Smith sostiene incluso que Alois «demostraba un auténtico respeto por los
derechos de otras personas, así como una honda preocupación por su bienestar».
(Stierlin, pág. 20.)
Lo que en una «persona respetable» parece una «envoltura recia» puede ser
el mismísimo infierno para su hijo. De ello nos ofrece un ejemplo J. Toland:
En una fase de rebeldía particularmente acentuada, Adolf decidió en cierta ocasión escaparse de casa.
Pero su padre se enteró del proyecto y lo encerró en una de las habitaciones de la parte alta. Durante la
noche, el niño intentó fugarse por la abertura de una ventana y, viendo que esta le resultaba demasiado
estrecha, se quitó la ropa. En aquel momento oyó a su padre subir las escaleras y, renunciando a su
intento, cubrió rápidamente su desnudez con un mantel. El viejo señor no cogió esta vez el látigo, sino
que rompió a reír y le gritó a su esposa que subiera a ver a ese «chiquillo togado». Esta burla hirió al
hijo con más violencia que cualquier castigo corporal. Posteriormente confesaría a Helene Hanfstaengl
que «necesitó mucho tiempo para superar ese episodio».

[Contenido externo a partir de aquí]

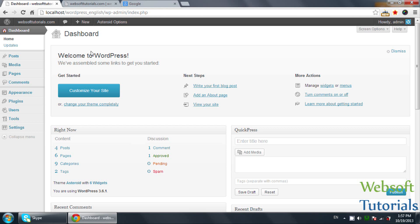Hi guys, this is Rishabh Kapoor from WebsoftTutorials.com. In this video, we will talk about plugins in WordPress.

Muchos años más tarde, Hitler contó a una de sus secretarias que, según había leído en una novela
de aventuras, era un signo de valor no manifestar dolor en público. De modo que «me propuse no dejar
escapar ni un ay la próxima vez que mi padre me pegase. Y cuando llegó la hora —aún recuerdo a mi
madre angustiada junto a la puerta—, me puse a contar los latigazos uno a uno. Mamá pensó que me
había vuelto loco cuando, irradiando orgullo, le dije: ¡Papá me ha dado treinta y dos latigazos!». (J.
Toland, pág. 30.)
Este pasaje y otros similares nos hacen pensar que Alois desfogaba la rabia
ciega producida por las humillaciones de su infancia pegándole constantemente
a su hijo. Según parece, sentía la compulsión de infligir precisamente a este hijo
suyo las humillaciones y sufrimientos de su infancia.
Una historia podría ayudarnos a entender las motivaciones secretas de una
compulsión de este tipo. En un programa de televisión de Estados Unidos se
presentó un grupo de madres jóvenes sometidas a terapia que contaban cómo
solían maltratar a sus hijos pequeños. Una de ellas contó que en cierta ocasión
no pudo aguantar los berridos del niño y, sacándolo violentamente de su camita,
lo golpeó contra la pared. Lograba transmitir muy claramente su desesperación
de entonces al televidente y siguió contando que, al no saber qué hacer, utilizó
un servicio telefónico que, según parece, existe en Estados Unidos para este tipo
de casos. La voz del teléfono le preguntó a quién había querido golpear
realmente, y ella, con gran sorpresa, se oyó decir a sí misma: «a mí», tras lo
cual prorrumpió en amargos sollozos.
Con esta historia quisiera explicar de qué manera entiendo los castigos de
Alois. Pero esto en nada altera el hecho de que Adolf, que en su condición de
niño no podía saber todas estas cosas, viviera bajo una amenaza cotidiana, en
un auténtico infierno, con un miedo permanente y un verdadero trauma, así
como tampoco nada quita al hecho de que el pequeño se viera obligado a
reprimir todos esos sentimientos y solo pudiera rescatar su orgullo, ni de que no
manifestara su dolor y tuviera que escindirlo.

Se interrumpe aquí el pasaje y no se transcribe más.